▶ Problem description:
Return exactly the lines from the one containing "30pcs/1lot Kawaii Stationery" through the last line of the records below, both included, and leave out any pictures.

▶ Exercise input:
++++++++++

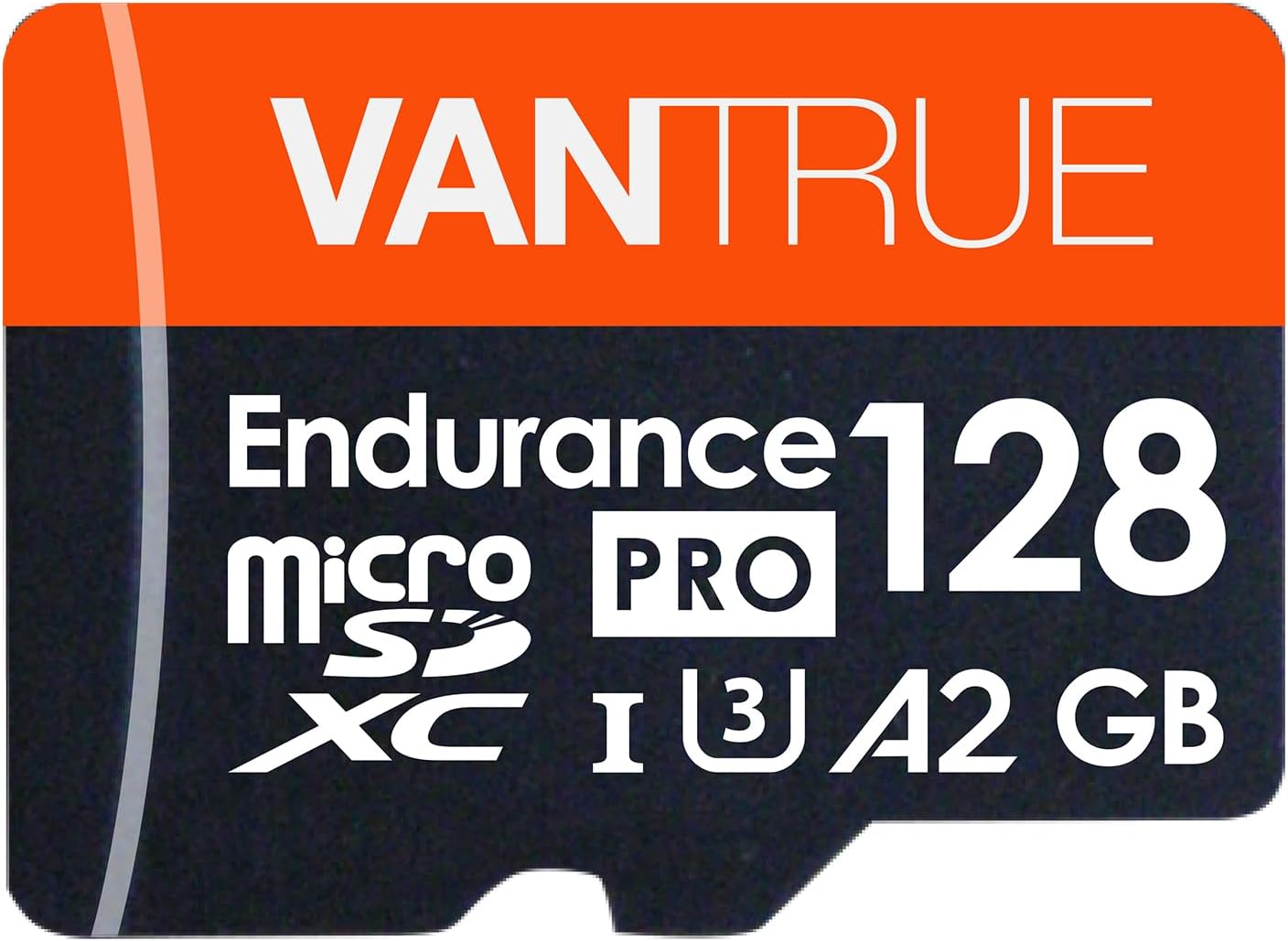 VANTRUE 128GB Micro SD Card U3 High Speed Class 10 UHS-I microSD Memory Card 4K UHD Video Recording Micro SD Card Drive Recorder Action Camera Surveillance Camera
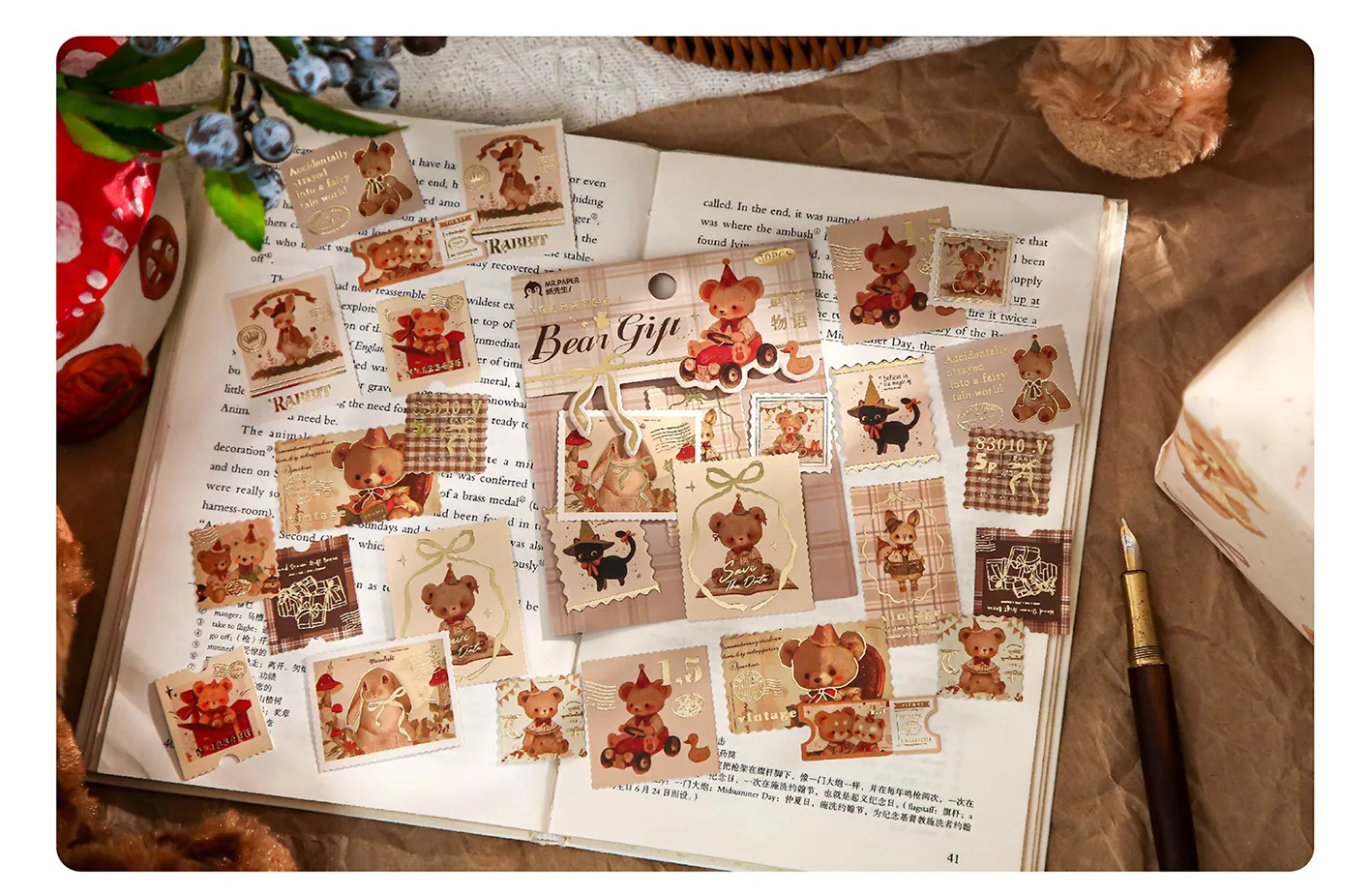 30pcs/1lot Kawaii Stationery Stickers Little Bear Gift Decorative Mobile Stickers Scrapbooking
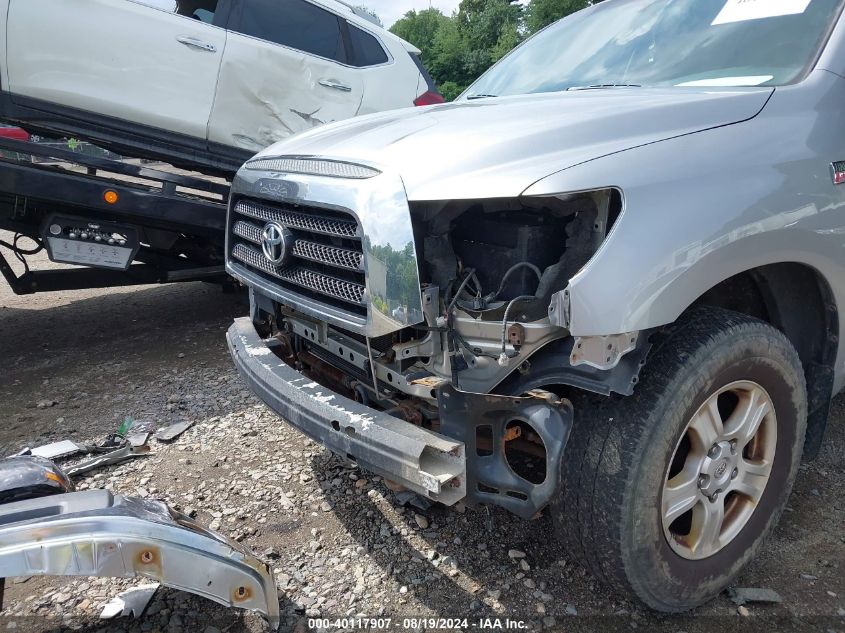 2008 Toyota Tundra Sr5 5.7L V8 VIN: 5TFDV54148X066606 Lot: 40117907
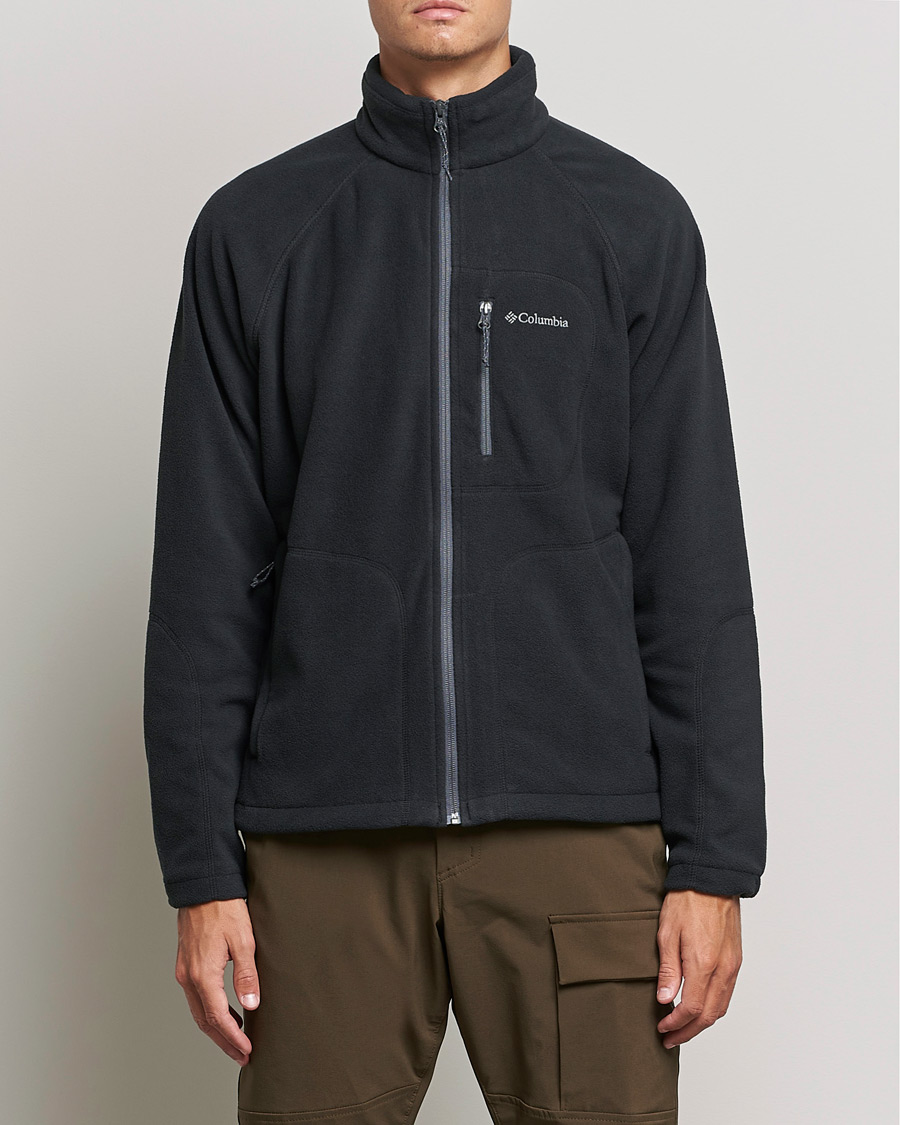 Uomini | Active | Columbia | Fast Trek II Full Zip Fleece Black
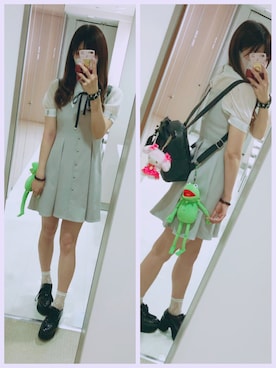 「Ank Rouge（アンクルージュ）のアイテム（バッグ）」を使った、deyilanniさん（レディース・166cm）の夏コーディネート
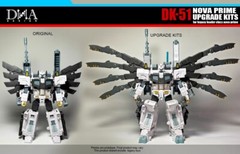 DNA DK-51 Wings Weapon Upgrade Kit For Legacy Leader Class Nova Prime WITH BONUS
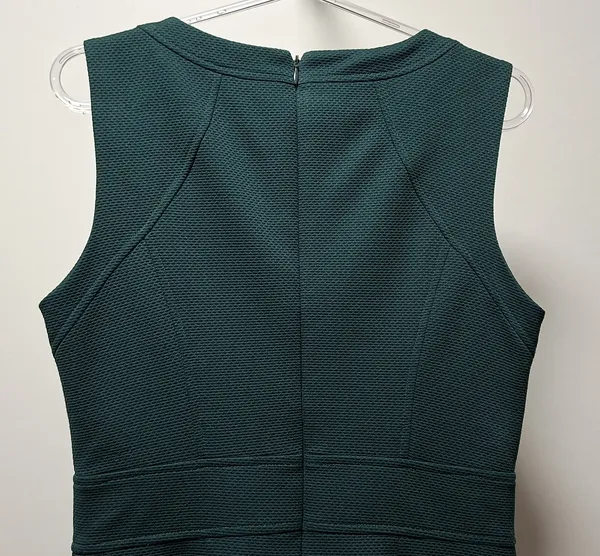 Vestido tubo clássico malha jacquard verde floresta 40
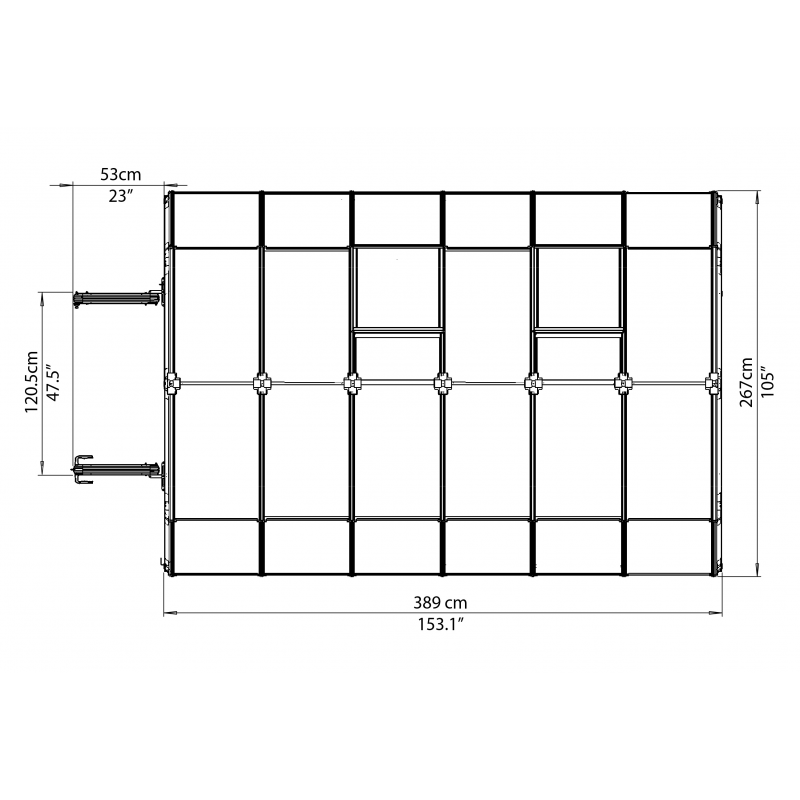 Palram - Canopia 8x12 Prestige 2 Greenhouse Kit - Clear (HG7312C)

++++++++++

▶ Written answer:
 30pcs/1lot Kawaii Stationery Stickers Little Bear Gift Decorative Mobile Stickers Scrapbooking
 2008 Toyota Tundra Sr5 5.7L V8 VIN: 5TFDV54148X066606 Lot: 40117907
 Uomini | Active | Columbia | Fast Trek II Full Zip Fleece Black
 「Ank Rouge（アンクルージュ）のアイテム（バッグ）」を使った、deyilanniさん（レディース・166cm）の夏コーディネート
 DNA DK-51 Wings Weapon Upgrade Kit For Legacy Leader Class Nova Prime WITH BONUS
 Vestido tubo clássico malha jacquard verde floresta 40
 Palram - Canopia 8x12 Prestige 2 Greenhouse Kit - Clear (HG7312C)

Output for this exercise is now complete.